**** Given records ****
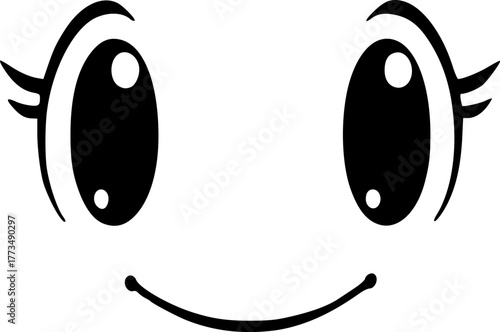 Design of adorable face smiling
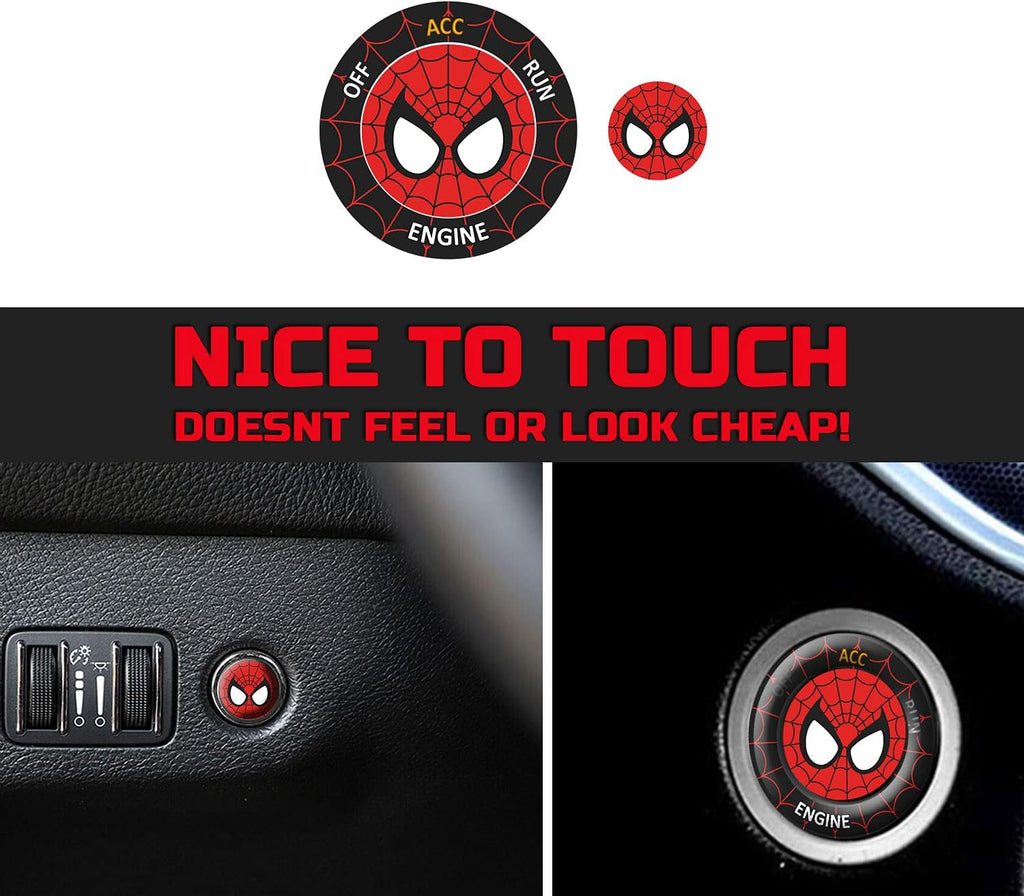 Engine Start Stop Button Overlay Ruby Red Sticker Emblem V4411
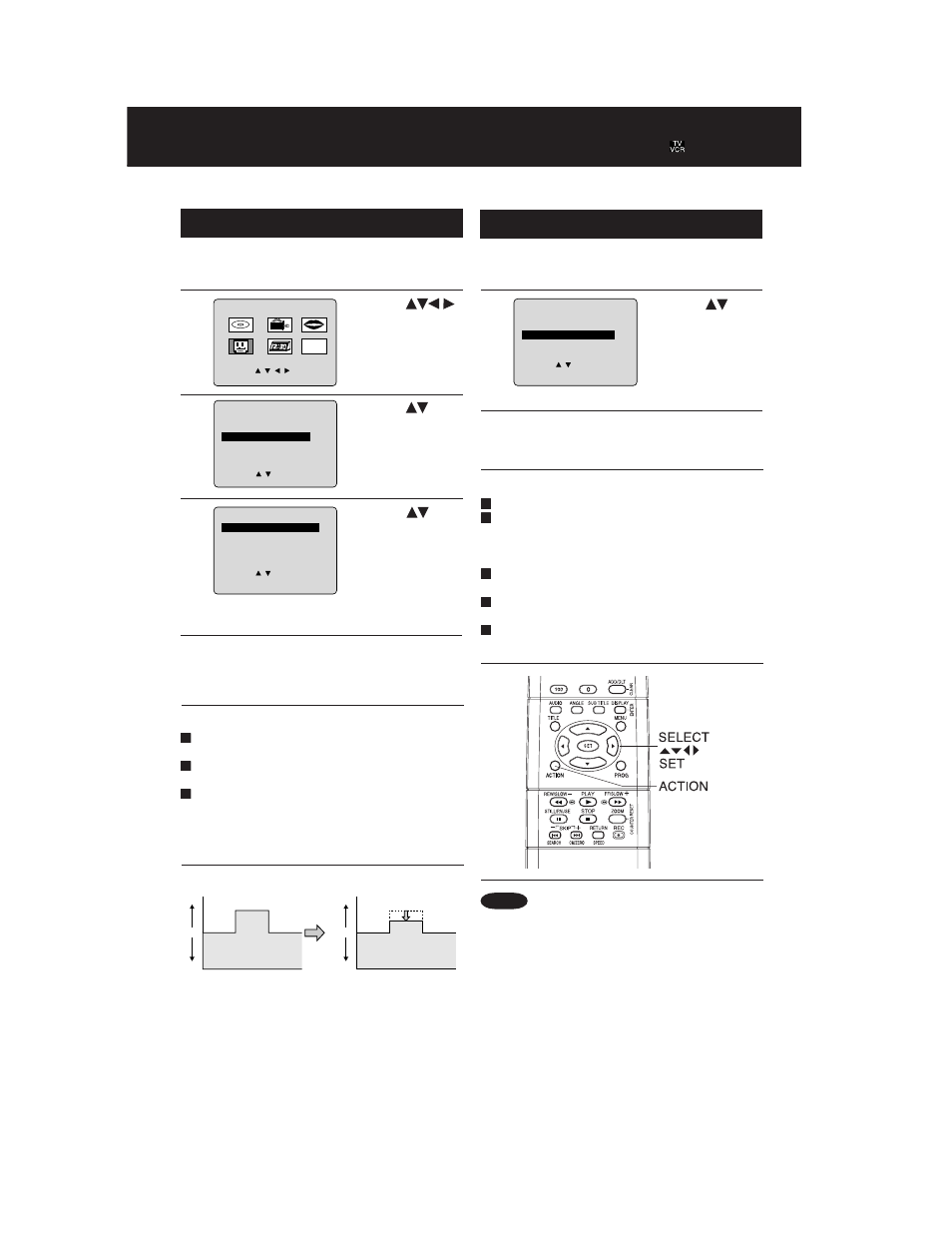 Video/audio menu, Video / audio menu, Audio menu video menu | Panasonic AG 527DVDE User Manual | Page 46 / 68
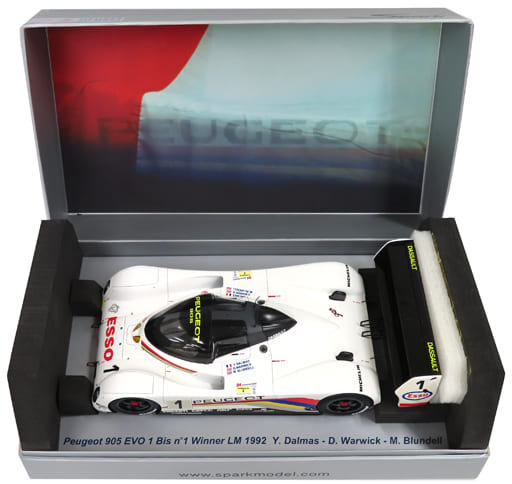 ミニカー　1/18 Peugeot 905 EVO 1 Bis Winner LM 1992 Esso #1(ホワイト×レッド×ブルー) [18S011]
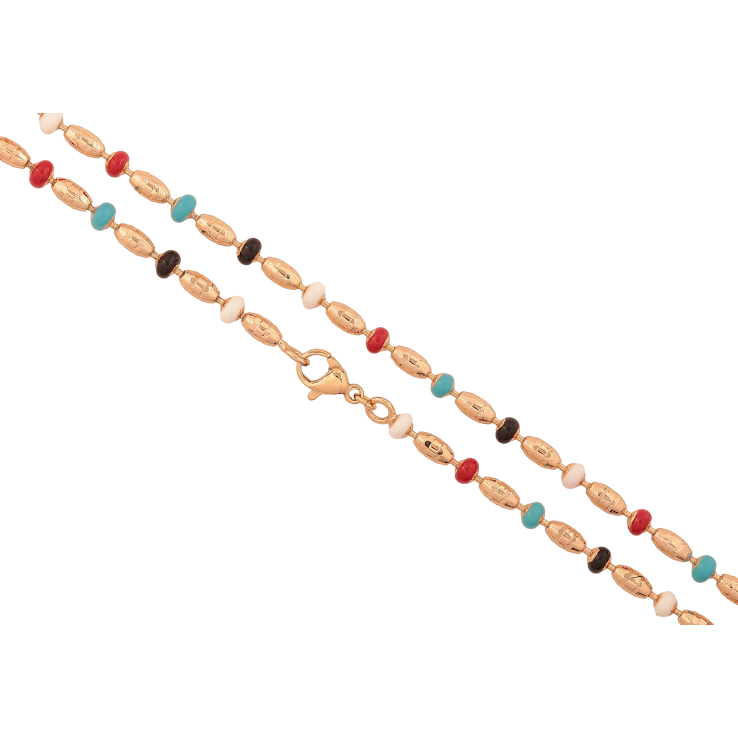 Цепочка Xuping цвет Позолота 18K "Плетение Перлина декоративная с цветной эмалью" длинна 45см х 3мм фото №8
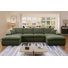Upholstered Chenille Modular U-sectional Sofa With Two Oversized Ottomans
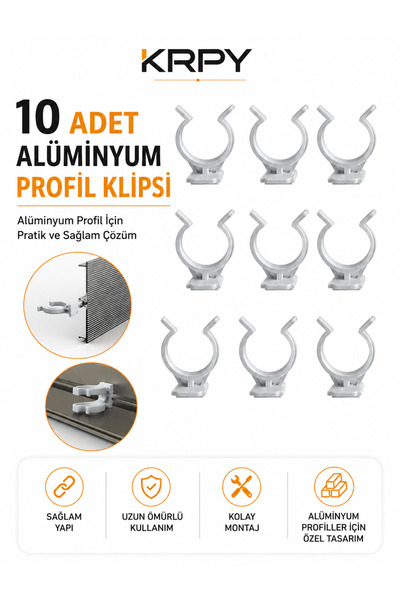KRPY Baza Klipsi Alüminyum Profil İçin Mutfak Dolap Tezgah Alt Kısım Kapatma ...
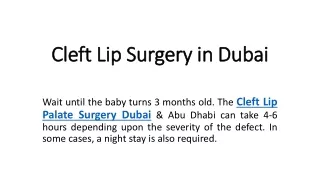Cleft Lip Surgery in Dubai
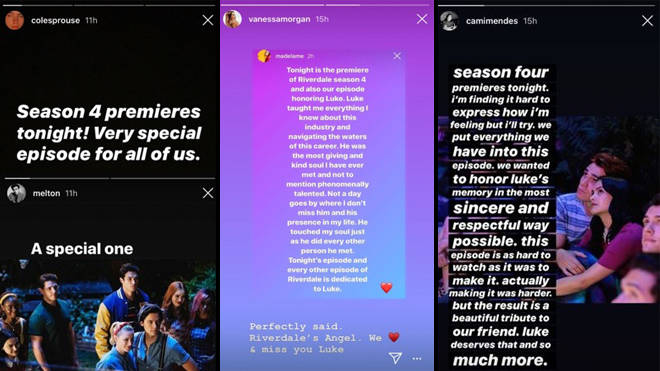 Cole Sprouse, Camila Mendes, Madelaine Petsch and Vanessa Morgan pay tribute to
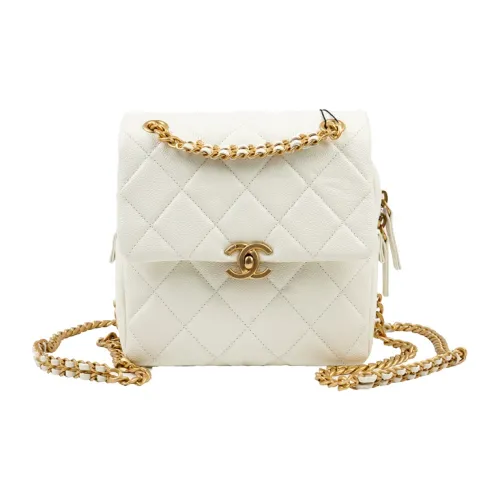 CHANEL 22P Коровья кожа Рюкзак Женский Белый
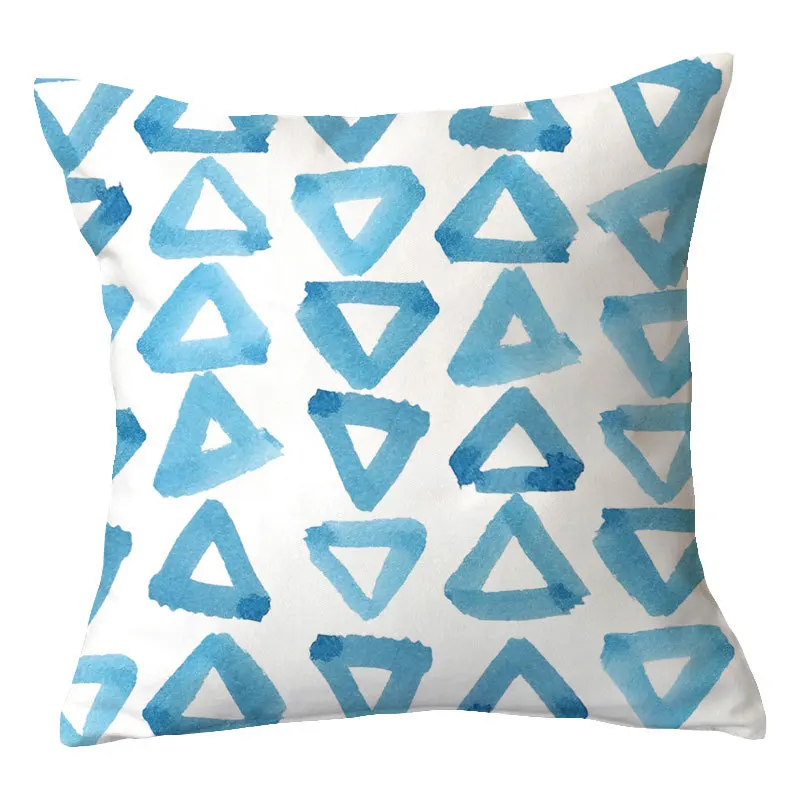 Modern Comfortable Decorative Pillow Case Blue Striped Cushion Cover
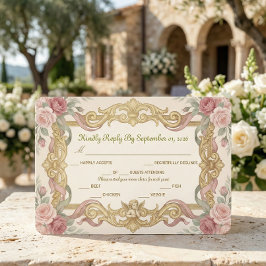 Faux Gold Foil Baroque Rococo Floral 出欠カード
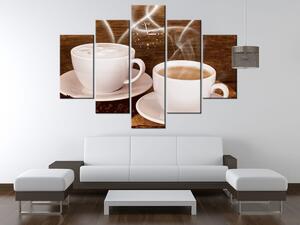 Obraz s hodinami Romantika při kávě - 5 dílný Rozměry: 150 x 105 cm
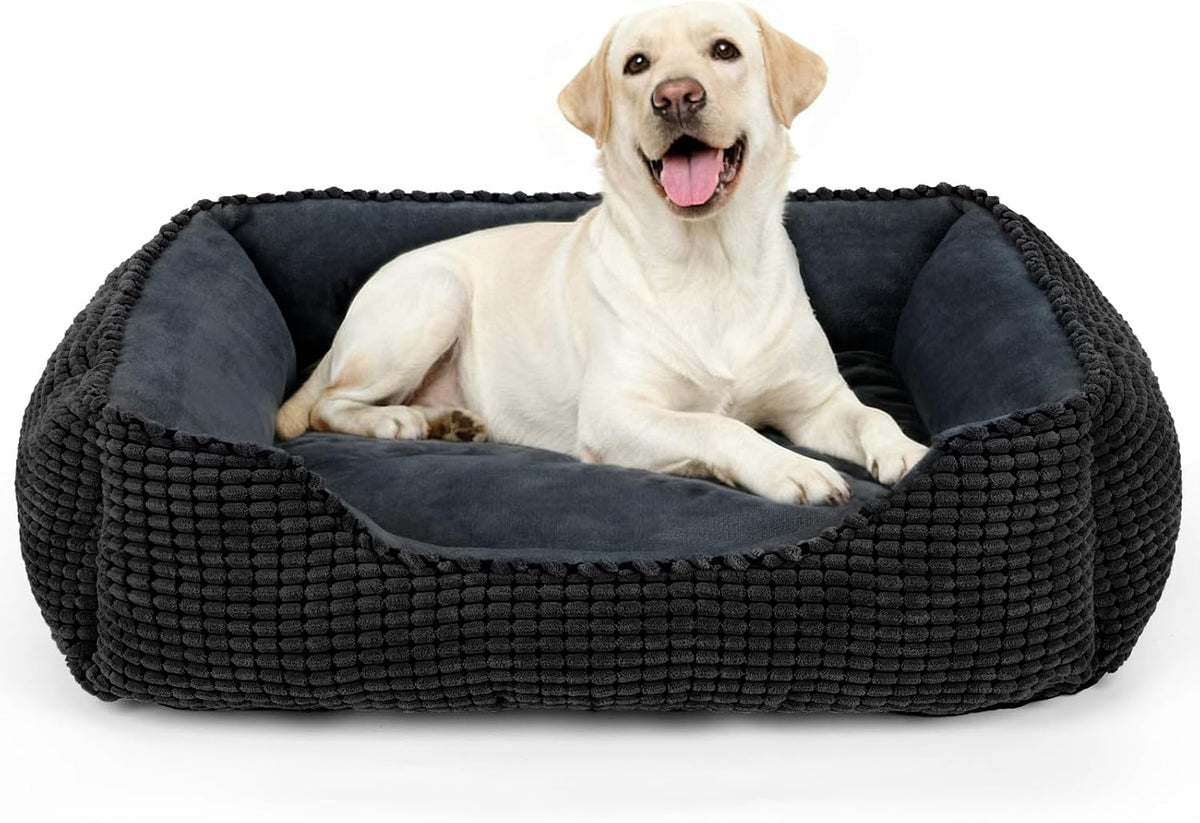 MIXJOY Dog Bed for Large Medium Small Dogs, Rectangle Washable Sleeping Puppy Bed, Soft Calming Cat Beds for Indoor Cats, Orthopedic Pet Sofa Bed, Anti-Slip Bottom with Multiple Size (25'', Grey)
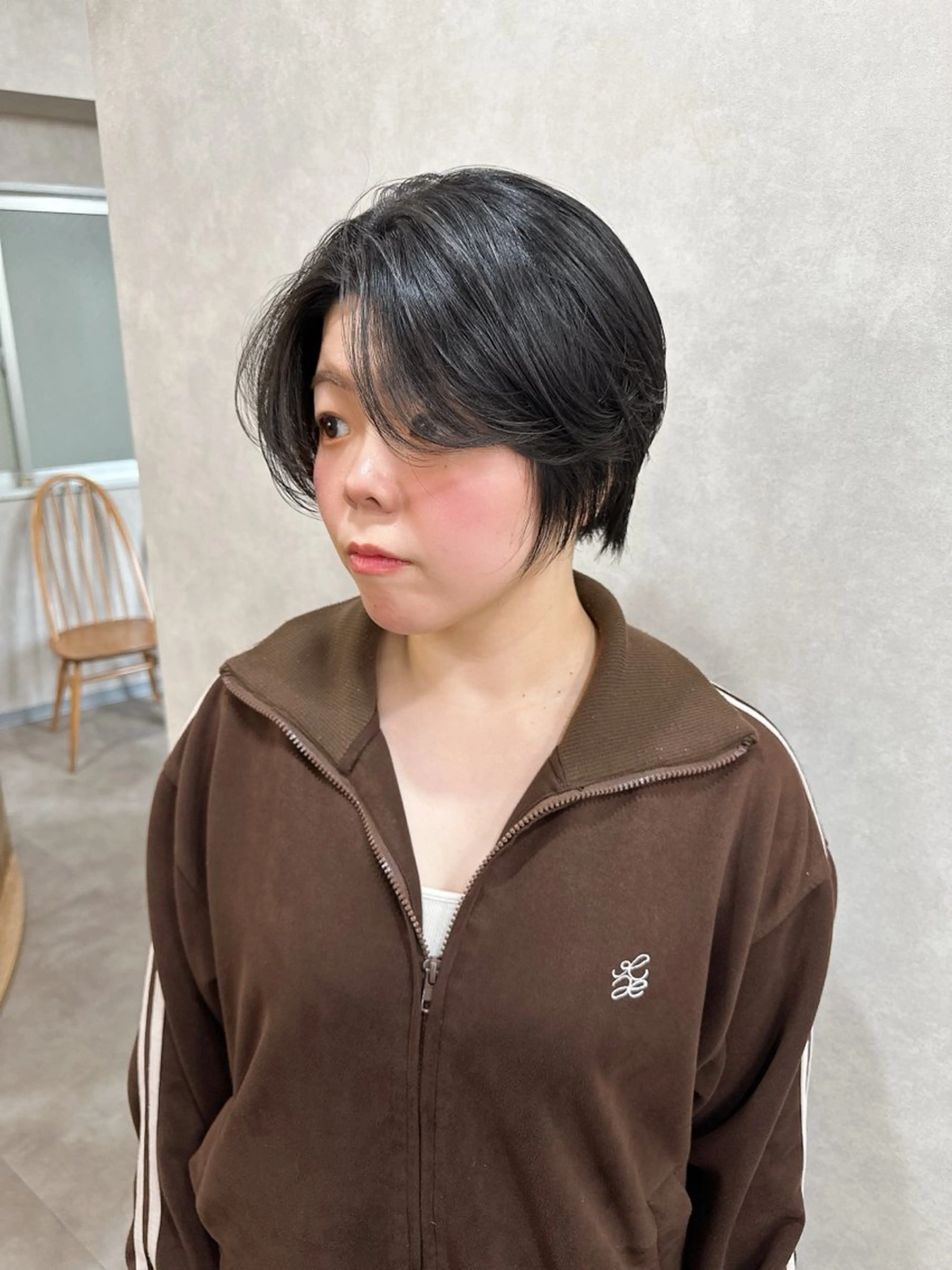 ショート ショートヘア 縮毛矯正 酸性ストレート カット 縮毛矯正 トリートメント 心斎橋/縮毛矯正/美 容師/unir 藤本のヘアスタイル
****
> **Action item**:
Without any of its pictures, the listing is to be repeated exactly as it stands.

> **Answer section**:
 Design of adorable face smiling
 Engine Start Stop Button Overlay Ruby Red Sticker Emblem V4411
 Video/audio menu, Video / audio menu, Audio menu video menu | Panasonic AG 527DVDE User Manual | Page 46 / 68
 ミニカー　1/18 Peugeot 905 EVO 1 Bis Winner LM 1992 Esso #1(ホワイト×レッド×ブルー) [18S011]
 Цепочка Xuping цвет Позолота 18K "Плетение Перлина декоративная с цветной эмалью" длинна 45см х 3мм фото №8
Upholstered Chenille Modular U-sectional Sofa With Two Oversized Ottomans
KRPY Baza Klipsi Alüminyum Profil İçin Mutfak Dolap Tezgah Alt Kısım Kapatma ...
Cleft Lip Surgery in Dubai
 Cole Sprouse, Camila Mendes, Madelaine Petsch and Vanessa Morgan pay tribute to
 CHANEL 22P Коровья кожа Рюкзак Женский Белый
 Modern Comfortable Decorative Pillow Case Blue Striped Cushion Cover
 Faux Gold Foil Baroque Rococo Floral 出欠カード
 Obraz s hodinami Romantika při kávě - 5 dílný Rozměry: 150 x 105 cm
 MIXJOY Dog Bed for Large Medium Small Dogs, Rectangle Washable Sleeping Puppy Bed, Soft Calming Cat Beds for Indoor Cats, Orthopedic Pet Sofa Bed, Anti-Slip Bottom with Multiple Size (25'', Grey)
 ショート ショートヘア 縮毛矯正 酸性ストレート カット 縮毛矯正 トリートメント 心斎橋/縮毛矯正/美 容師/unir 藤本のヘアスタイル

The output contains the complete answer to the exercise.